Why is the FAR Matrix effective only 2.4% of the time?

Have you ever come across to Section 52.301 of the Federal Acquisition Regulation entitled “Solicitation provisions and contract clauses (Matrix)”?

If you have, you were probably excited at first because you found a quick reference to help you determine clause applicability.

But then  you dug a little deeper...

…and realized that the FAR Matrix is just not a practical tool to use.

Here are the Top 3 reasons why that is the case:


1. The FAR Matrix contains too many discretionary categories and blank cells!

Would you hire a consultant whose advice you find useful only 2.4% of the time?
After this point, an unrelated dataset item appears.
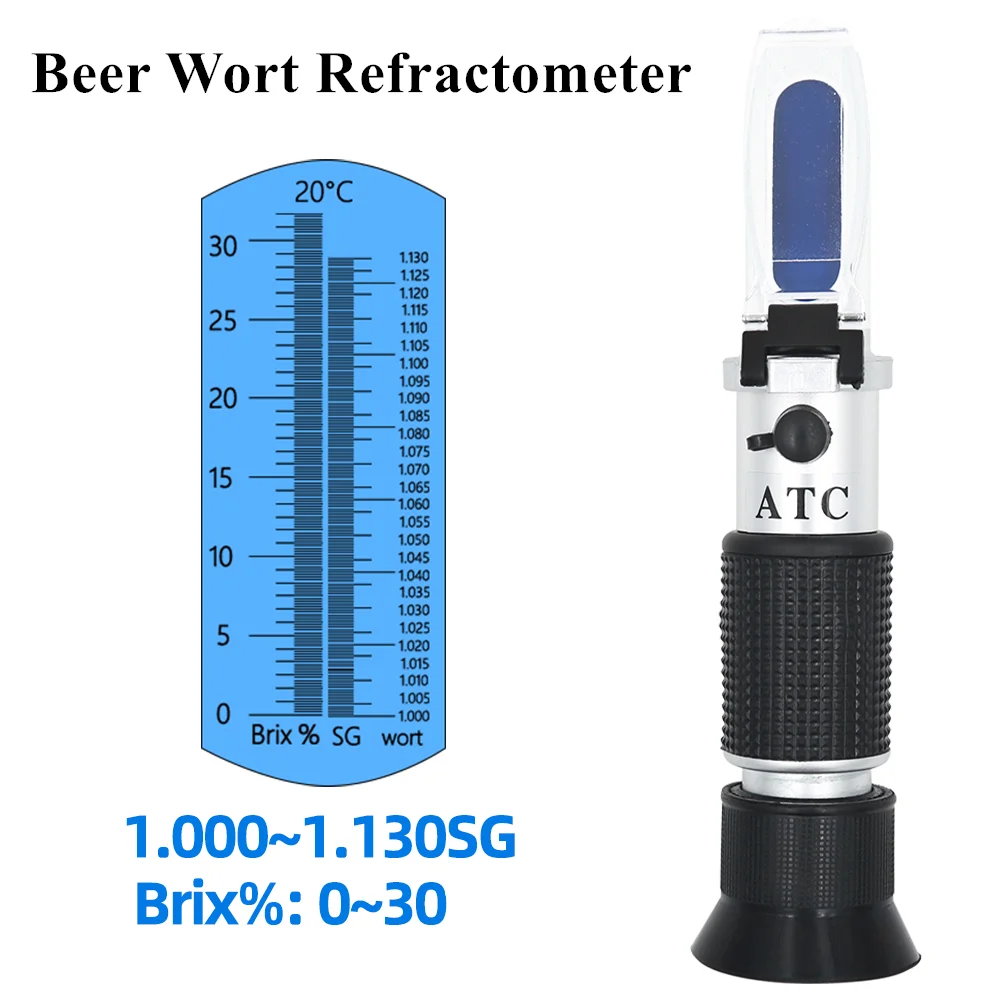Рефрактометр Beer Wort с двойной шкалой удельный вес 1 000 300 и БРИКС 0 32% ATC сахар пищевая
That would be a very poor record to advertise, but the FAR Matrix may, theoretically, have the same effectiveness.

The biggest problem is that the Matrix categorizes clauses into too many “Optional” or “Required when Applicable” categories (called “Contract Purpose”)…

…or it doesn’t categorize clauses at all, leaving the cells completely blank.
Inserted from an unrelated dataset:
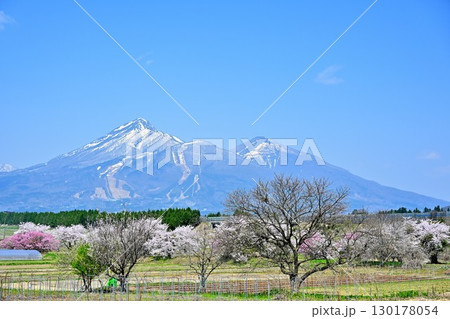 会津磐梯山と桜（福島県） 130178054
That means that you still have to review each of them on clause-by-clause basis.

How often does that happen? 

On average, per each column in the Matrix, you have, in theory, about a 97.6% chance of running into a clause that will require you to instead review it in full text, together with its prescription.

In sum, you will save more time going directly to the full text of a clause, avoiding the Matrix completely!


2. The FAR Matrix doesn’t use space wisely!

The FAR Matrix breaks down applicability into 22 columns, 19 of which are called the “Principle Type and/or Purpose of Contract” categories, among which:

  • 10 are dedicated to the same principal category (i.e. Contract type),
  • 7 are dedicated to services involving very specific work characteristics (e.g. Facilities, Dismantling and Demo, Leasing of Motor Vehicles, etc.).
  • 1 is dedicated to Commercial Items, and
  • 1 is dedicated to Simplified Acquisition Procedures.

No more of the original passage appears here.